---------- Data listing ----------
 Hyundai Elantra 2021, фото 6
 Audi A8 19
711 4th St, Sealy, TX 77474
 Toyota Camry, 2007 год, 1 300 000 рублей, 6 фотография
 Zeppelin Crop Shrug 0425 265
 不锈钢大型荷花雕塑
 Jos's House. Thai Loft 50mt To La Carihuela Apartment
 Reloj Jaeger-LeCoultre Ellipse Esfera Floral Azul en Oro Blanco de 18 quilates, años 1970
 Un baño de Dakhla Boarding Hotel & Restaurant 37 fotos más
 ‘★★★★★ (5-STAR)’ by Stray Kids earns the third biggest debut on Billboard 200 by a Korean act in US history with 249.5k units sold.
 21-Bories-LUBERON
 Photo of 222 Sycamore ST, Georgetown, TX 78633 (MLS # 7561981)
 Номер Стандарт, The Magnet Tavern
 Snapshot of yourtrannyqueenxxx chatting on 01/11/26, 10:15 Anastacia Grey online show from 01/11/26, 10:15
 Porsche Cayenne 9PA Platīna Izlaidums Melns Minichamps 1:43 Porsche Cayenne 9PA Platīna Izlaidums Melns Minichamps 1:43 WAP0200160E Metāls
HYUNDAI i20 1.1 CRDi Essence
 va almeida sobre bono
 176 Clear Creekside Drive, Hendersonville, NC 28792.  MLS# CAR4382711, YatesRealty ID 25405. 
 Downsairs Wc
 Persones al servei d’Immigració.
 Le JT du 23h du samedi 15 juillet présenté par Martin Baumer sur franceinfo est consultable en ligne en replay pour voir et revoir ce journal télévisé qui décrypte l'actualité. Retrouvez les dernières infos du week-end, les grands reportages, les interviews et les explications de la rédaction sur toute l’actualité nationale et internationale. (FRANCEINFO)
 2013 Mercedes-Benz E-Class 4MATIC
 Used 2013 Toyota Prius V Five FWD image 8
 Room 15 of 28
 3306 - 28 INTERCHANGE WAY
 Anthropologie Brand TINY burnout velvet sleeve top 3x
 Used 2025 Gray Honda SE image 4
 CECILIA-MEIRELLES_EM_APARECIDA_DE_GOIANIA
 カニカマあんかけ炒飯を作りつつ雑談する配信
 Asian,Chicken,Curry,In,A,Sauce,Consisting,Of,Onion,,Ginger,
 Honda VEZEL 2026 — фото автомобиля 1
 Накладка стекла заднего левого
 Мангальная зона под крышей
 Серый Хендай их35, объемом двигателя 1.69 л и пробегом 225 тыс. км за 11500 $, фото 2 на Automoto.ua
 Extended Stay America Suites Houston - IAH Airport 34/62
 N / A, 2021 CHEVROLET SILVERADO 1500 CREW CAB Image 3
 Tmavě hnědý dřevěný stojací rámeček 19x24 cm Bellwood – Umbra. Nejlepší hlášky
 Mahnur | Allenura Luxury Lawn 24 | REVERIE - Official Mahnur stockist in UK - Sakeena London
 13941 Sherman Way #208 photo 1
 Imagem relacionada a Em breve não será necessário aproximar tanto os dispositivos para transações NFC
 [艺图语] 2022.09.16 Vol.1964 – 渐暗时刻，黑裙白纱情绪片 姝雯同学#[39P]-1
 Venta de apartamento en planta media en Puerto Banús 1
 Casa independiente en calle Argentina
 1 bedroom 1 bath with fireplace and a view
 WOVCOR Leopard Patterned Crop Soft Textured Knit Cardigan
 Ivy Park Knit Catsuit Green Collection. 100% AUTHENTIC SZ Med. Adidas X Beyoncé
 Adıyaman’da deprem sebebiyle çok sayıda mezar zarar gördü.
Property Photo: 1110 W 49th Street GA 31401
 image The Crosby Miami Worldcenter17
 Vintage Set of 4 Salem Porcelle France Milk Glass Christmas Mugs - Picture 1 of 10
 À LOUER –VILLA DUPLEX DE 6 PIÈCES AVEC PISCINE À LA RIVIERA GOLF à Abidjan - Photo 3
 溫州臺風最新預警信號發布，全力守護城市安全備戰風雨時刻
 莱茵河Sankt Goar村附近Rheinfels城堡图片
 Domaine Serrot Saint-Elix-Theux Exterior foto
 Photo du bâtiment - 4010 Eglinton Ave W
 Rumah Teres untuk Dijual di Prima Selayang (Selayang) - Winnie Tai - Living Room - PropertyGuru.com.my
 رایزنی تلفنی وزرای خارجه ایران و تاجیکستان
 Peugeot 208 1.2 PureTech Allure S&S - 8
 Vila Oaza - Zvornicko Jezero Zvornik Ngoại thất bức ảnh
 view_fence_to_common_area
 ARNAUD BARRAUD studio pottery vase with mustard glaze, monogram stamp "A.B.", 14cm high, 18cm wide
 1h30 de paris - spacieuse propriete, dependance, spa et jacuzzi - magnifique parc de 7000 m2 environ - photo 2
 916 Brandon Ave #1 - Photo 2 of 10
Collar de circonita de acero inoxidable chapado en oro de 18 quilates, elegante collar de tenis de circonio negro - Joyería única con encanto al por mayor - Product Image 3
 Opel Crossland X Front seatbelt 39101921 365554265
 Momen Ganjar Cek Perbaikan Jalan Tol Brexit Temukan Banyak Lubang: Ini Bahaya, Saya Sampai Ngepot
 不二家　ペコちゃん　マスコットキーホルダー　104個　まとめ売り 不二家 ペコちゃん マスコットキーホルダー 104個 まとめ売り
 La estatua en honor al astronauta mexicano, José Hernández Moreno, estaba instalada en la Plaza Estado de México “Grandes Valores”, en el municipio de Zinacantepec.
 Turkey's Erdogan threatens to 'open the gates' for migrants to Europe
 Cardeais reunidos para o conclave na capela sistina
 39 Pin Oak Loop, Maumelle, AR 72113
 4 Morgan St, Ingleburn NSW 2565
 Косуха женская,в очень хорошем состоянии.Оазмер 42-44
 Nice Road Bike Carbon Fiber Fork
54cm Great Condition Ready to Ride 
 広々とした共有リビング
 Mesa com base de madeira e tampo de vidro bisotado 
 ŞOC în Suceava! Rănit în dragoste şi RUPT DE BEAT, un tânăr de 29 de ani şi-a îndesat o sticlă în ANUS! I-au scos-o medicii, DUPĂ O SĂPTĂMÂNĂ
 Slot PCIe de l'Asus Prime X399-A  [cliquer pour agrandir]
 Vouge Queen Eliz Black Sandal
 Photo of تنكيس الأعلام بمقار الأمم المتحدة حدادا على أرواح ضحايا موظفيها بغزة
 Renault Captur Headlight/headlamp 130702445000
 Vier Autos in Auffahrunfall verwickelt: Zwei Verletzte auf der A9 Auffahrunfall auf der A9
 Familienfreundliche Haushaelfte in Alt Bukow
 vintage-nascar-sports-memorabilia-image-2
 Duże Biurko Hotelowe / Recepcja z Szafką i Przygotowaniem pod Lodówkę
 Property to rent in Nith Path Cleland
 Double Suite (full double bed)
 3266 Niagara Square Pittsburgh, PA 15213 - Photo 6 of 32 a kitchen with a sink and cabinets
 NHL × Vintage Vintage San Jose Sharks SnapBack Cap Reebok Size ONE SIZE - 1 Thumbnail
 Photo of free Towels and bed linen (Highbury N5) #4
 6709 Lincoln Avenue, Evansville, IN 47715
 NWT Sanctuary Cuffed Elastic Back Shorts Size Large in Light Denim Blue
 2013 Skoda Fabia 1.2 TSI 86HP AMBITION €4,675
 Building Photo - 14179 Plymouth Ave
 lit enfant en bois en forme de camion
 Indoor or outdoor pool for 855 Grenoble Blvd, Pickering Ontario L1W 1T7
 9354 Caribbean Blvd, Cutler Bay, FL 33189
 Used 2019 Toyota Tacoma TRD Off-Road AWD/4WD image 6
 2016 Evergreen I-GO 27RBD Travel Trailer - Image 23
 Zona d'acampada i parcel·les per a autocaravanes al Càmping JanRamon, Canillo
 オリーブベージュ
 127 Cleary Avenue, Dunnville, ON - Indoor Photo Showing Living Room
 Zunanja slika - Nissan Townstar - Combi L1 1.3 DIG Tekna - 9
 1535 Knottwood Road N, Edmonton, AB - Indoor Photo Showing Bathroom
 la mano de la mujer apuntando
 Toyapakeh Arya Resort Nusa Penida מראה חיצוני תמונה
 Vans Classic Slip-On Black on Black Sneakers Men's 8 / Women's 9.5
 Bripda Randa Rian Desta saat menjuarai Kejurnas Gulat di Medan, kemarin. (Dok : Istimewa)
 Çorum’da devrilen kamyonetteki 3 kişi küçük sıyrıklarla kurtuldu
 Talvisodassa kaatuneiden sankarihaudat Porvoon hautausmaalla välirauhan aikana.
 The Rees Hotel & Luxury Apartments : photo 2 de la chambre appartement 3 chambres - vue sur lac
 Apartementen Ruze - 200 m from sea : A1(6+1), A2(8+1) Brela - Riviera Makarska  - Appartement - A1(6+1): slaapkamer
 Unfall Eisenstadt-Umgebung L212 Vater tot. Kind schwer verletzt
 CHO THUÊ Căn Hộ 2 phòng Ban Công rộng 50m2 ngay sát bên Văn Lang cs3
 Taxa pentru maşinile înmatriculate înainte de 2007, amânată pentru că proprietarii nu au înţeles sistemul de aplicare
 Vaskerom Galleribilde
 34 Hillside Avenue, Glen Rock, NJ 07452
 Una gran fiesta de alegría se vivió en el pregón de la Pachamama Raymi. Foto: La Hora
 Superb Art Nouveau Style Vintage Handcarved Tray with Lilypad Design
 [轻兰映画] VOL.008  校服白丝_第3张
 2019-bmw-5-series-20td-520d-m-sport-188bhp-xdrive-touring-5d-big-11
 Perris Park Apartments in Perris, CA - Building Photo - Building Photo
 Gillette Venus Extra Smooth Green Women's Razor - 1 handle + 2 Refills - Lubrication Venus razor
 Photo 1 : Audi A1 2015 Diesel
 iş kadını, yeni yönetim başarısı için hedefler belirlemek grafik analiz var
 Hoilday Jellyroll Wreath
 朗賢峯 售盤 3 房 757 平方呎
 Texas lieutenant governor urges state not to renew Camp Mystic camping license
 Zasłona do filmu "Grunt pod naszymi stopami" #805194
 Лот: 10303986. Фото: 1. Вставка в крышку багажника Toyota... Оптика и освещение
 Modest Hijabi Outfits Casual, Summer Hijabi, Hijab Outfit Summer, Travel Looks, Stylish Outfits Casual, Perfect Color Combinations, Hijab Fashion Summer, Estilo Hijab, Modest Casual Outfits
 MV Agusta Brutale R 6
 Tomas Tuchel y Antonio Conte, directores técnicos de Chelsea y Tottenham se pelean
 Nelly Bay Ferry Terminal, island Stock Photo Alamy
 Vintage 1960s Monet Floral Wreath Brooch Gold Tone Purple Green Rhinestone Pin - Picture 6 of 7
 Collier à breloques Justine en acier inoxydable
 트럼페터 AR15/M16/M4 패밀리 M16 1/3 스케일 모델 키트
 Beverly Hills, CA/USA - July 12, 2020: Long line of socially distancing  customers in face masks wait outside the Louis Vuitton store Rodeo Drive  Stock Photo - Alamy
----------
Please return exactly the lines from the opening line of the data above through the line with "Extended Stay America", both included and nothing else.

### Exercise solution
 Hyundai Elantra 2021, фото 6
 Audi A8 19
711 4th St, Sealy, TX 77474
 Toyota Camry, 2007 год, 1 300 000 рублей, 6 фотография
 Zeppelin Crop Shrug 0425 265
 不锈钢大型荷花雕塑
 Jos's House. Thai Loft 50mt To La Carihuela Apartment
 Reloj Jaeger-LeCoultre Ellipse Esfera Floral Azul en Oro Blanco de 18 quilates, años 1970
 Un baño de Dakhla Boarding Hotel & Restaurant 37 fotos más
 ‘★★★★★ (5-STAR)’ by Stray Kids earns the third biggest debut on Billboard 200 by a Korean act in US history with 249.5k units sold.
 21-Bories-LUBERON
 Photo of 222 Sycamore ST, Georgetown, TX 78633 (MLS # 7561981)
 Номер Стандарт, The Magnet Tavern
 Snapshot of yourtrannyqueenxxx chatting on 01/11/26, 10:15 Anastacia Grey online show from 01/11/26, 10:15
 Porsche Cayenne 9PA Platīna Izlaidums Melns Minichamps 1:43 Porsche Cayenne 9PA Platīna Izlaidums Melns Minichamps 1:43 WAP0200160E Metāls
HYUNDAI i20 1.1 CRDi Essence
 va almeida sobre bono
 176 Clear Creekside Drive, Hendersonville, NC 28792.  MLS# CAR4382711, YatesRealty ID 25405. 
 Downsairs Wc
 Persones al servei d’Immigració.
 Le JT du 23h du samedi 15 juillet présenté par Martin Baumer sur franceinfo est consultable en ligne en replay pour voir et revoir ce journal télévisé qui décrypte l'actualité. Retrouvez les dernières infos du week-end, les grands reportages, les interviews et les explications de la rédaction sur toute l’actualité nationale et internationale. (FRANCEINFO)
 2013 Mercedes-Benz E-Class 4MATIC
 Used 2013 Toyota Prius V Five FWD image 8
 Room 15 of 28
 3306 - 28 INTERCHANGE WAY
 Anthropologie Brand TINY burnout velvet sleeve top 3x
 Used 2025 Gray Honda SE image 4
 CECILIA-MEIRELLES_EM_APARECIDA_DE_GOIANIA
 カニカマあんかけ炒飯を作りつつ雑談する配信
 Asian,Chicken,Curry,In,A,Sauce,Consisting,Of,Onion,,Ginger,
 Honda VEZEL 2026 — фото автомобиля 1
 Накладка стекла заднего левого
 Мангальная зона под крышей
 Серый Хендай их35, объемом двигателя 1.69 л и пробегом 225 тыс. км за 11500 $, фото 2 на Automoto.ua
 Extended Stay America Suites Houston - IAH Airport 34/62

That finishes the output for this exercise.